Die Beklagte hat unter Bezugnahme auf das Gutachten des Sachverständigen L geltend gemacht, dem Kläger stehe keine über den Zeitwertschaden hinausgehende Versicherungsleistung aus dem Brandschaden zu. Der Kläger habe die nach § 3 Abs. 1 LBZ erforderlichen Voraussetzungen für eine Wiederherstellung der Gebäude nicht erfüllt, da er eine Wiederherstellungsabsicht weder angezeigt noch entsprechende Maßnahmen zur Wiederherstellung der Gebäude in die Wege geleitet habe. Die durch den Brand zerstörten Gebäude seien außerdem unterversichert gewesen, wobei zugunsten des Klägers zu berücksichtigen sei, daß die Versicherungssummen von 8.000,-- Mark bzw. 5.000,-- Mark jeweils um eine 3 %ige Vorsorge gemäß § 2 Abs. 4 SGIN (79 a) zu erhöhen seien.

Das Landgericht hat Beweis erhoben gemäß Beweisbeschluß vom 16.01.1996 (GA 85) durch Vernehmung von Zeugen sowie durch Einholung eines Sachverständigengutachtens. Wegen des Ergebnisses der Beweisaufnahme ist auf die Sitzungsniederschrift vom 13.06.1996 (GA 105) sowie das Gutachten des Sachverständigen M vom 11.03.1997 (GA 139) nebst Ergänzung vom 19.01.1998 (GA 231) verwiesen worden.

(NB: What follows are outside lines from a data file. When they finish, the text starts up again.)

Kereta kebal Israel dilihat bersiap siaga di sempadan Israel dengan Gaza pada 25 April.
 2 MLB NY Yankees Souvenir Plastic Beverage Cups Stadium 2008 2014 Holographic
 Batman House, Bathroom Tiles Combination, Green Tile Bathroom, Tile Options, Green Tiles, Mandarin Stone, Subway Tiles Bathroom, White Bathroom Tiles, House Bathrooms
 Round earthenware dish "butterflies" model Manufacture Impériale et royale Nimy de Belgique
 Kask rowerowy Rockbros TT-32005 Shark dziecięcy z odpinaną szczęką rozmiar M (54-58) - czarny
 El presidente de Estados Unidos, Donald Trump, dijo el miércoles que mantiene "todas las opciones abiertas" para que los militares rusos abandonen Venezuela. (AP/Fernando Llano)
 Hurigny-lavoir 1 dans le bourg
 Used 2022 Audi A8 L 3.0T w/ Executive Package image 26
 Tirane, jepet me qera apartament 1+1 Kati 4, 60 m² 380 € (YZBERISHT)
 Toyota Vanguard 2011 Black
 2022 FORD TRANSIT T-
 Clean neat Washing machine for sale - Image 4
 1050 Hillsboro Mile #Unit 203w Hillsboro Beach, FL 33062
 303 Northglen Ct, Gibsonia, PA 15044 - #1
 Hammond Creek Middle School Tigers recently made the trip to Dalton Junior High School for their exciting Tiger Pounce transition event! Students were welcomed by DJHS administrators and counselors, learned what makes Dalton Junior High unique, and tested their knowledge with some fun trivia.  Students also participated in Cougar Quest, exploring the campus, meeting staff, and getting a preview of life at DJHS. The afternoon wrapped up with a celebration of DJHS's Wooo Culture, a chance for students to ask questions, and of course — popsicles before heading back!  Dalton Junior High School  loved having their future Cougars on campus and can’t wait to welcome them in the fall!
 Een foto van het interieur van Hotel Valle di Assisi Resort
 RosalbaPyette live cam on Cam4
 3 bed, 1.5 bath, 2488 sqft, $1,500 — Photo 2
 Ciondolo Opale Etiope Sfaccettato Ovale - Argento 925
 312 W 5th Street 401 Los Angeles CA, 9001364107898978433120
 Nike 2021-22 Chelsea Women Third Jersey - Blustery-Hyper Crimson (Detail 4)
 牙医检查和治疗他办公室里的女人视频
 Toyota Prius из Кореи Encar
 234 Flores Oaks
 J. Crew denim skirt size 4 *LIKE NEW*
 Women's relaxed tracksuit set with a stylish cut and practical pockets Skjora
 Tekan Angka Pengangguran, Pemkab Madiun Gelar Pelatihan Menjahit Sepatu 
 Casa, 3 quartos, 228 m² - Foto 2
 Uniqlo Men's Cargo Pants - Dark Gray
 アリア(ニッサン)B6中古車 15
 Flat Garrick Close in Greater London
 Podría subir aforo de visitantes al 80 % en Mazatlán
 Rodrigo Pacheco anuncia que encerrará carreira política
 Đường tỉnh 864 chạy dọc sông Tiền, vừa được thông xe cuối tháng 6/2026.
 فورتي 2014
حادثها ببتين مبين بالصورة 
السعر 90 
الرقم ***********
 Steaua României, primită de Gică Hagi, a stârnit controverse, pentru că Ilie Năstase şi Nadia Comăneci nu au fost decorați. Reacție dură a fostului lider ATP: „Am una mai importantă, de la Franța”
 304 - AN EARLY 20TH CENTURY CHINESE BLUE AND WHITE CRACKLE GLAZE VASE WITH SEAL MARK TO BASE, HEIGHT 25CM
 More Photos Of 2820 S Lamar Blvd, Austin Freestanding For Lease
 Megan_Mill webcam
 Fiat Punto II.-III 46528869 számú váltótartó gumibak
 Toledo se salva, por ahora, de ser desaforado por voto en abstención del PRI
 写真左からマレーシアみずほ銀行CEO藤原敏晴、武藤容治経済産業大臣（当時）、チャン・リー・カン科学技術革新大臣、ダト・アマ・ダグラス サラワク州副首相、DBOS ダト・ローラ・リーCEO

Nach Durchführung der Beweisaufnahme hat das Landgericht die Beklagte verurteilt, an den Kläger 99.452,-- DM nebst 4 % Zinsen seit 01.04.1995 zu zahlen. Im übrigen ist die Klage abgewiesen worden. Das Landgericht ist dem Gutachten des Sachverständigen M gefolgt. Dieser habe die Neubauwerte als auch die durch den Brand verursachten Gebäudeschäden in seinem Gutachten vom 11.3.1997 richtig ermittelt. Soweit die Beklagte sich auf das Gutachten des Sachverständigen L stütze, gebe dieses keine Veranlassung ein Obergutachten einzuholen. Der Sachverständige L habe wegen des Erhaltungszustandes der Gebäude einen Minderwert von 60 % angenommen, ohne den Zustand der Gebäude nach dem Brand näher zu beschreiben. Den gutachterlichen Feststellungen des Sachverständigen L komme im Verhältnis zum Gerichtsgutachten zudem schon deshalb ein geringerer Beweiswert zu, weil dem Sachverständigen L bei Abfassung seiner Abschätzung der Gebäudezustand vor dem Brand nicht bekannt gewesen sei, während der Sachverständige M auf der Grundlage der Zeugenaussagen sich ein genaues Bild über den Gebäudewert vor dem Brand habe machen könne. Der Kläger könne keine Erstattung des Neubauwerts, sondern nur des Zeitwerts verlangen, weil das Gebäude nicht wiederhergestellt worden sei. Der Zeitwert für Wohnhaus und Stall/Scheune habe sich auf 224.252 DM (LG Urteil S. 7 versehentlich 242.252,-- DM ausgeführt, Zahlendreher) belaufen. Nach Abzug der Zahlungen von insgesamt 124.800,-- DM ergebe sich ein weiterer Entschädigungsbetrag von 99.452,-- DM. Soweit bezüglich des Stalls/Scheune eine Unterversicherung bestehe, sei die Beklagte nicht berechtigt, sich auf diese zu beziehen. Denn dem Kläger stehe insoweit ein zu verrechnender Schadensersatzanspruch wegen Verletzung von Beratungs- und Hinweispflichten zu.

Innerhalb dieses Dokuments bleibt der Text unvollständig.